> [WORK REQUIRED]: Retype only what runs from the first line of the records to the line with "Código de barras", inclusive, and no pictures.

*** DATA TO EXAMINE ***

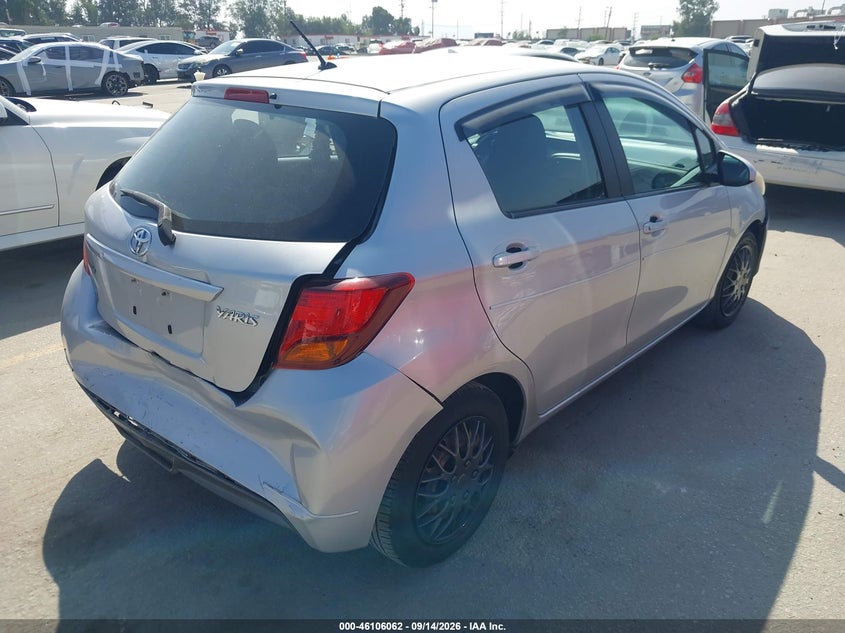 Vin: vnkktud33fa024458, lot: 46605720, toyota yaris l 20154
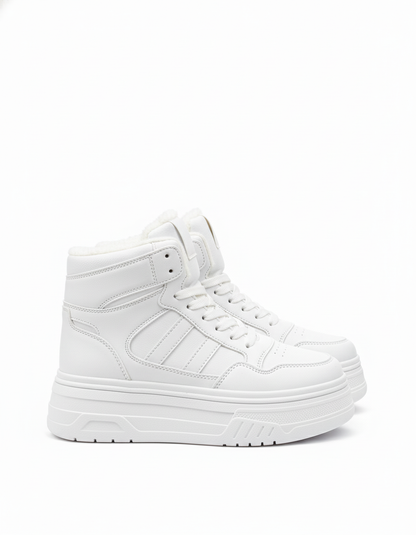 Снікерси білі утеплені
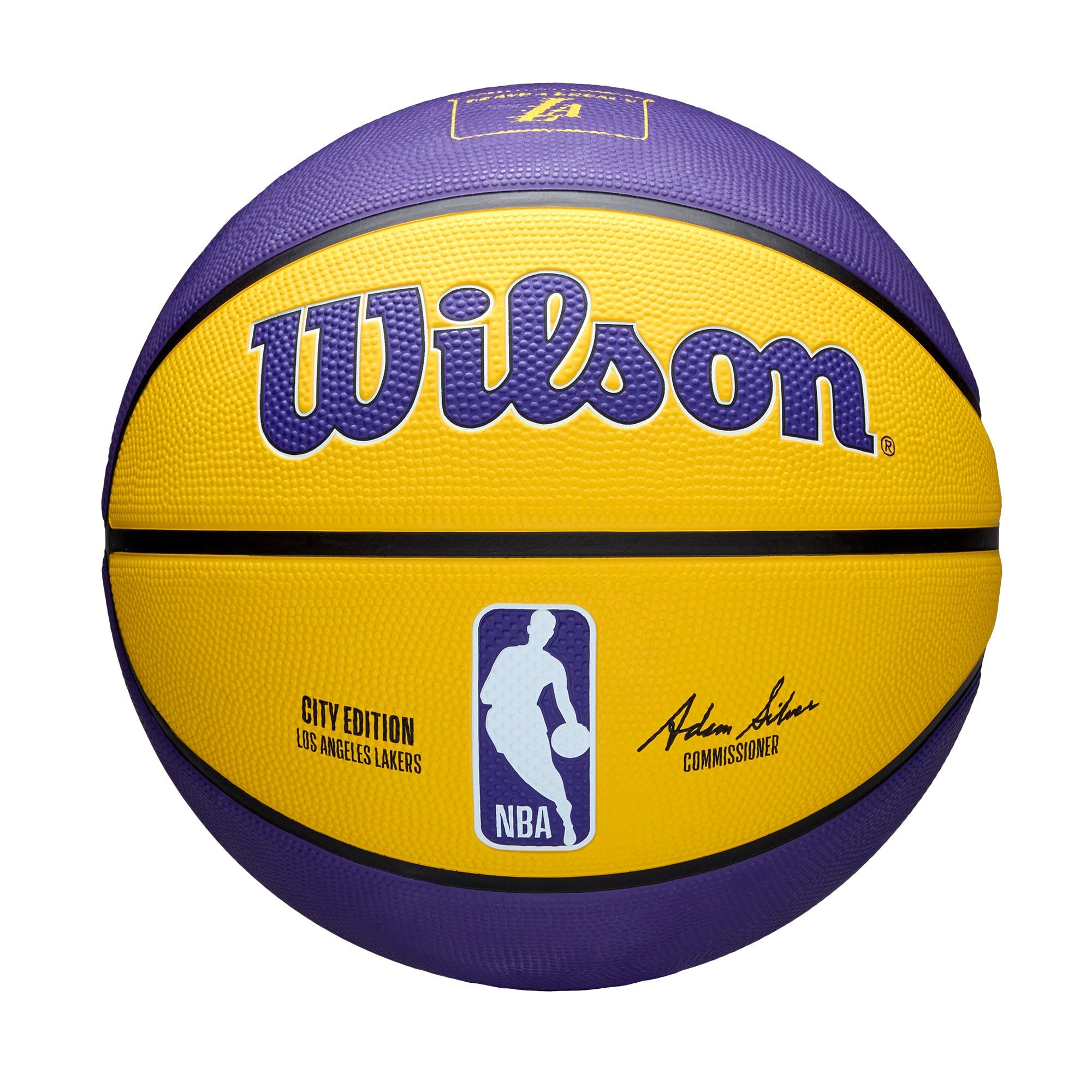 

Wilson NBA TEAM City Edition Lakers Basketball Outdoor 7 Lakers (WZ4033914XB7), Size No. (Approx. 24.5cm Diameter),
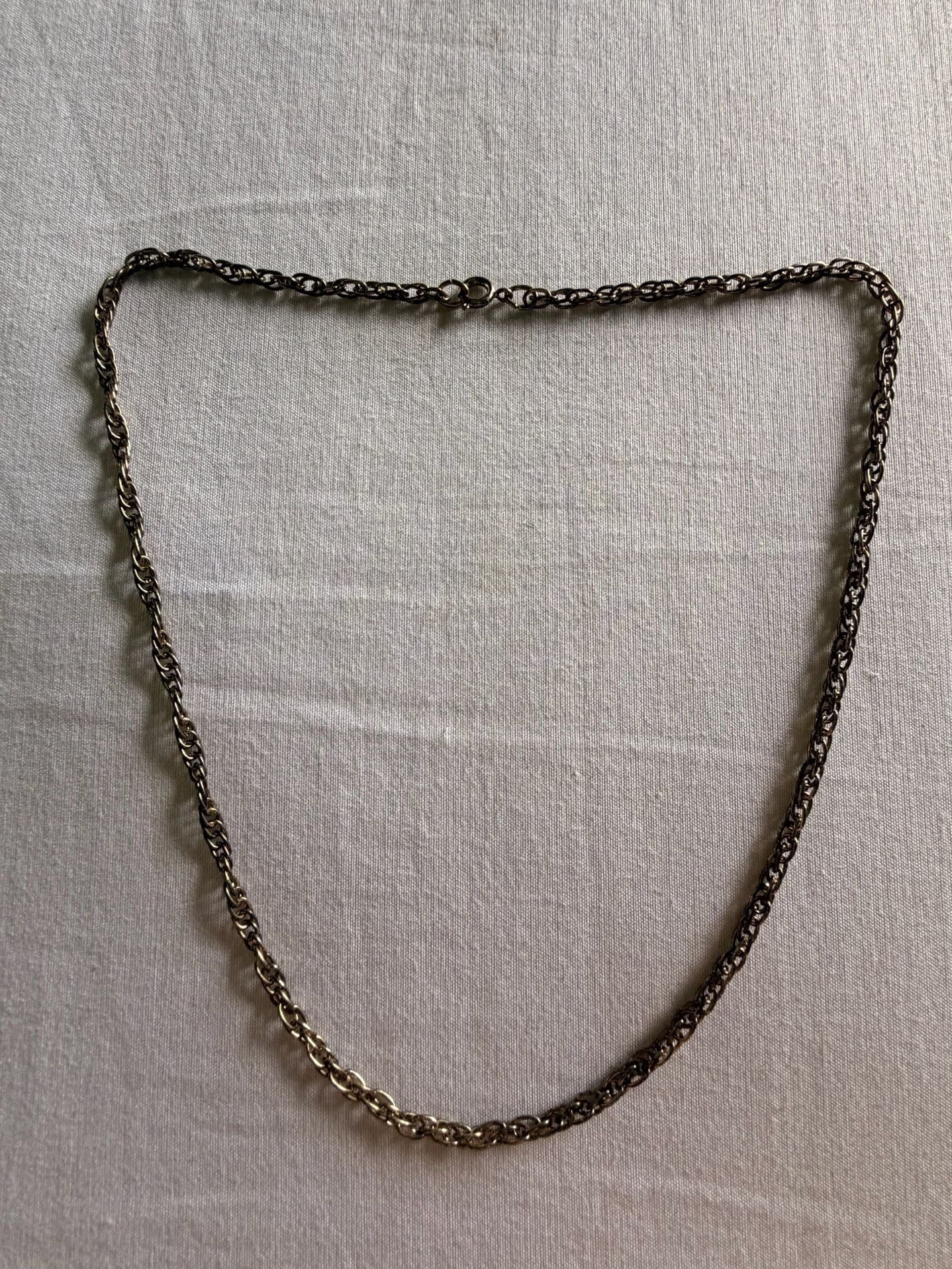 Vintage Rope Chain Necklace 1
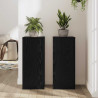 Stojak na rośliny 2 pcs Czarny Dąb 30 x 30 x 70 cm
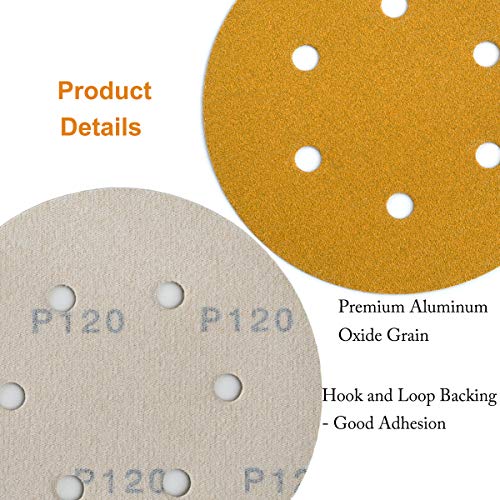 6-Inch 6-Hole Hook & Loop Sanding Discs 60-800 Mixed Grits, 100-Pack - style: 60-800 Assorted Grits 100pcs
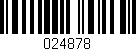 Código de barras (EAN, GTIN, SKU, ISBN): '024878'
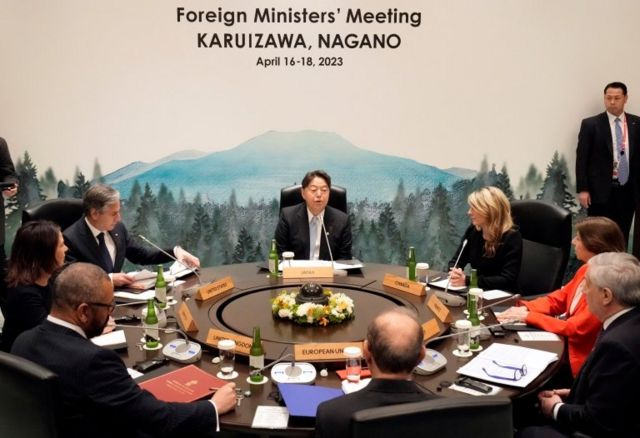 G7 Foreign Ministers Meeting to Discuss Iran Situation
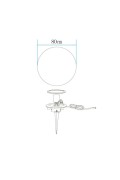 Lampa ogrodowa kula BALL XL biała 80 cm Step Into Design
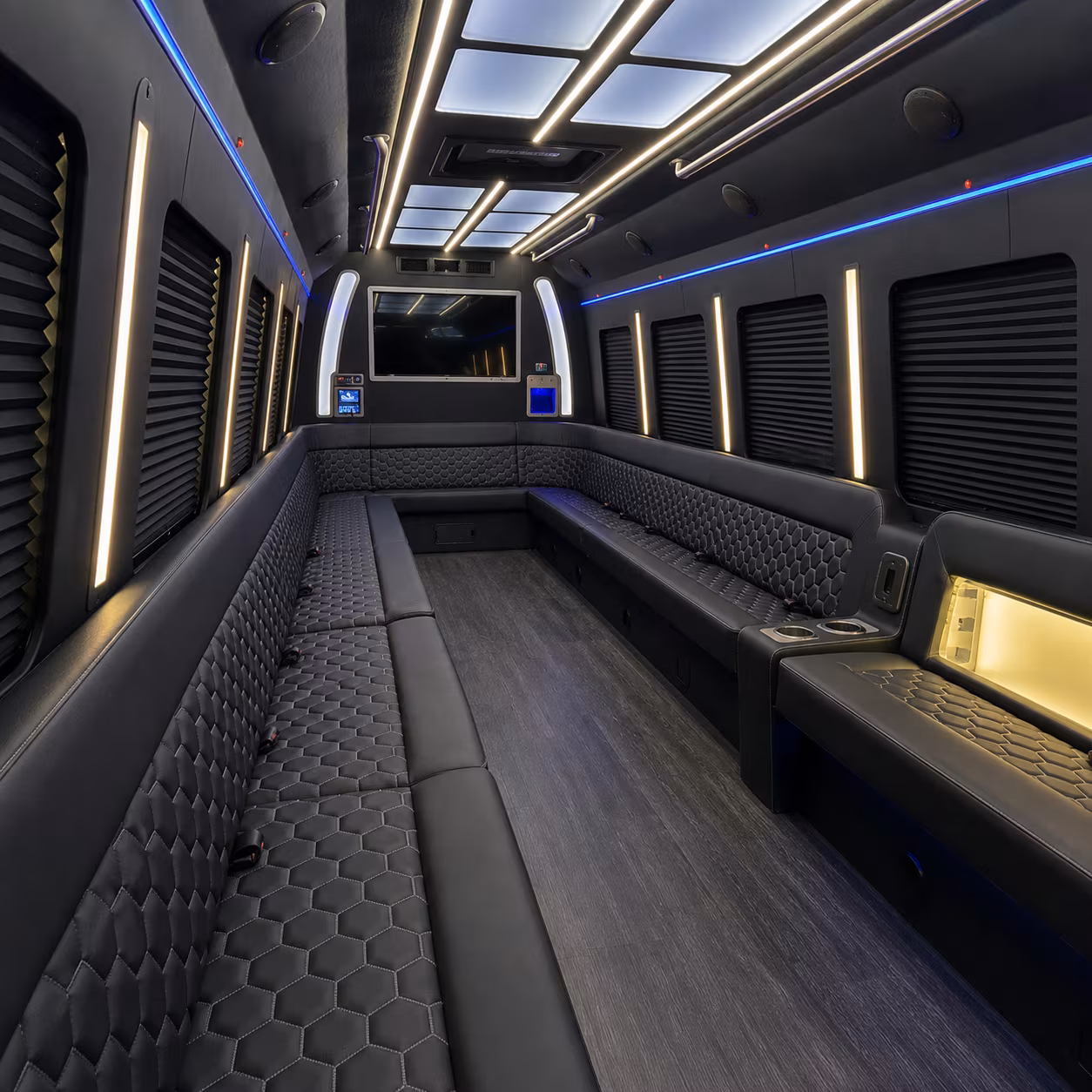 redding party bus inside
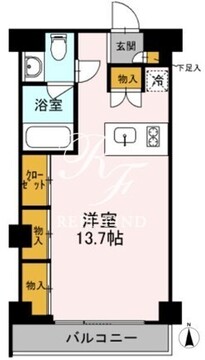 カスタリア目黒鷹番 103 間取り図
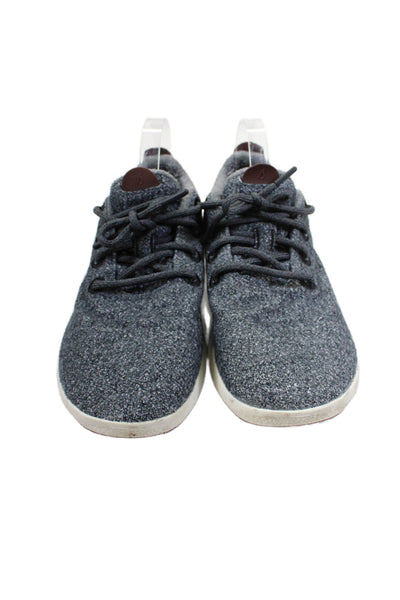 Allbirds Mens Cotton Textured Lace Up Colorblock Casual Sneakers Gray Size 12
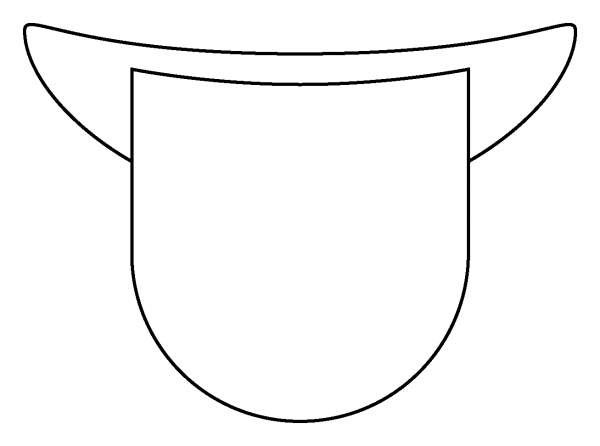 Tongue Emoji coloring page image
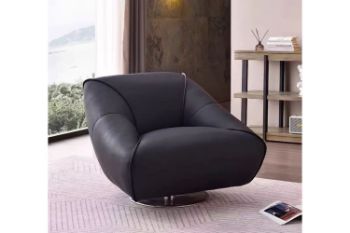 Picture for manufacturer TRISHA Imitation leather 360° Swivel Lounge Chair Collection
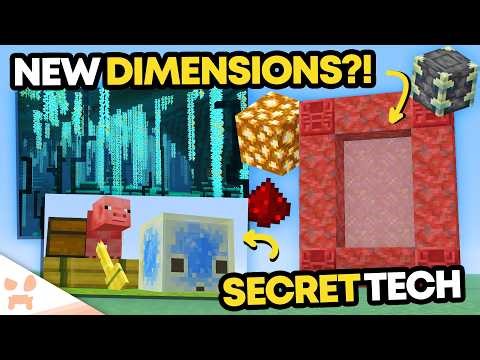 MINECRAFT JUST SET UP THE 4TH DIMENSION, ADDED A NEW STRUCTURE + ZIPLINES…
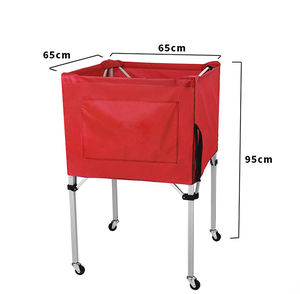 37 pulgadas x 26 pulgadas x 26 pulgadas Organizador de equipos deportivos de garaje Carro de voleibol - Product Image 4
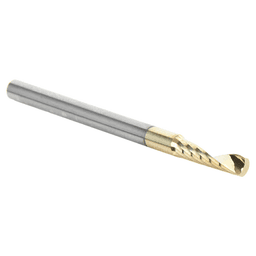 1/8" x 2" ZrN Coated Up-Cut 'O' Aluminum Cutting CNC Spiral Router Bit, 1-Flute, 1/8" Shank - Alt Image 2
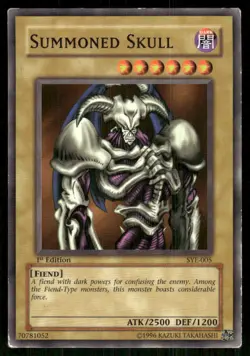 Summoned Skull SYE-005 Starter Deck: Yugi Evolution Yu-Gi-Oh 1st Edition MP - Image 1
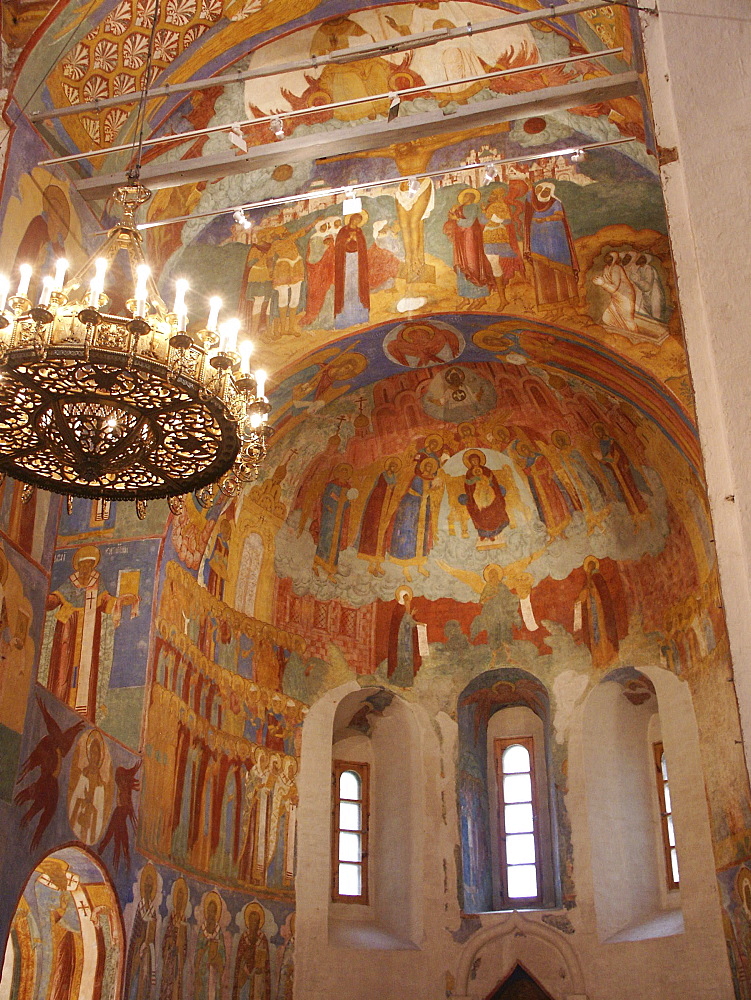 Russia and walls frescoes cathedral of the transfiguration of the saviour monastery of st. Euthymius suzdal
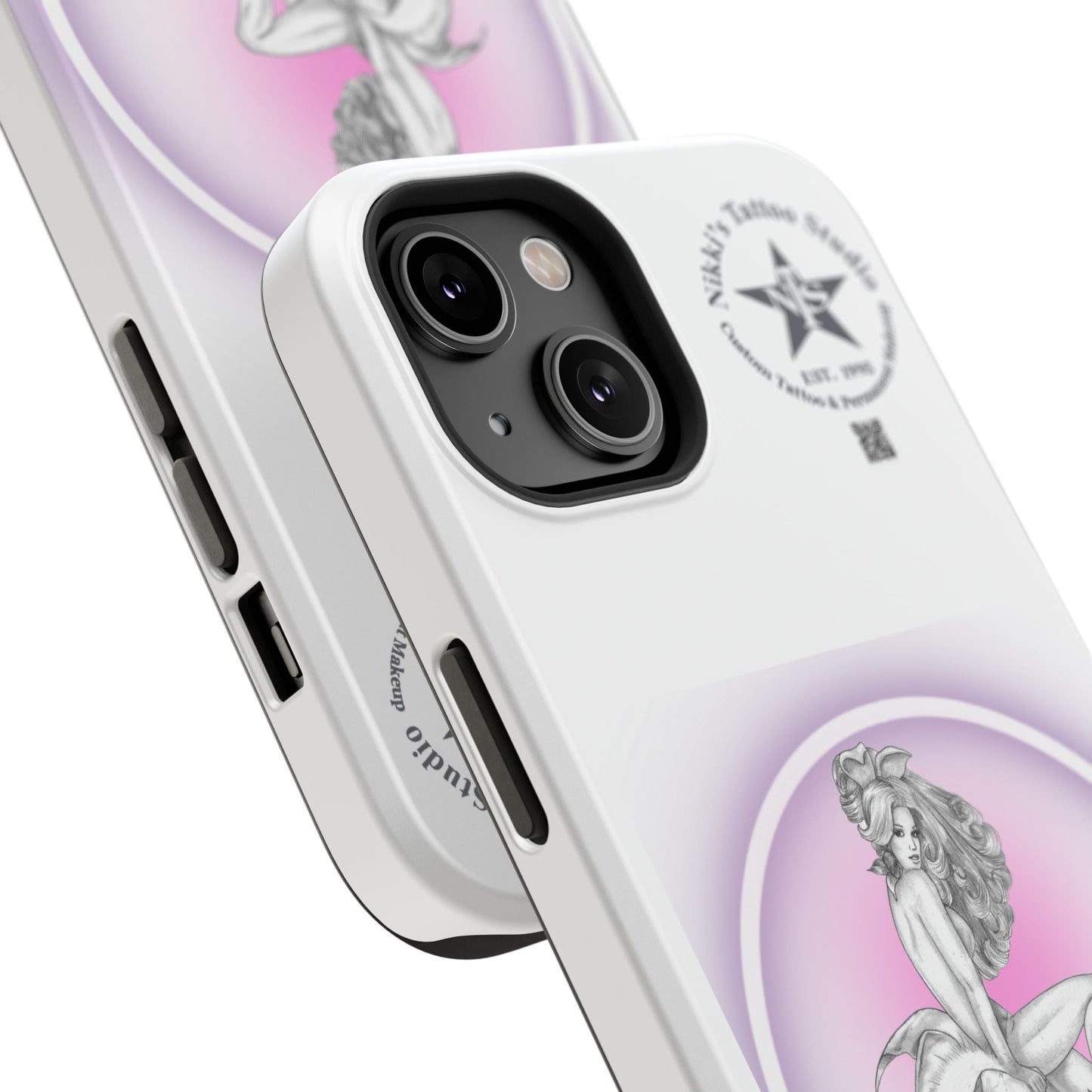 Phone Case: Pin Up Bunny Girl by Nikki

*** End of DATA TO EXAMINE ***

> [RESPONSE]:
 Vin: vnkktud33fa024458, lot: 46605720, toyota yaris l 20154
 Снікерси білі утеплені

Wilson NBA TEAM City Edition Lakers Basketball Outdoor 7 Lakers (WZ4033914XB7), Size No. (Approx. 24.5cm Diameter),
 Vintage Rope Chain Necklace 1
 Stojak na rośliny 2 pcs Czarny Dąb 30 x 30 x 70 cm
 6-Inch 6-Hole Hook & Loop Sanding Discs 60-800 Mixed Grits, 100-Pack - style: 60-800 Assorted Grits 100pcs
 Código de barras (EAN, GTIN, SKU, ISBN): '024878'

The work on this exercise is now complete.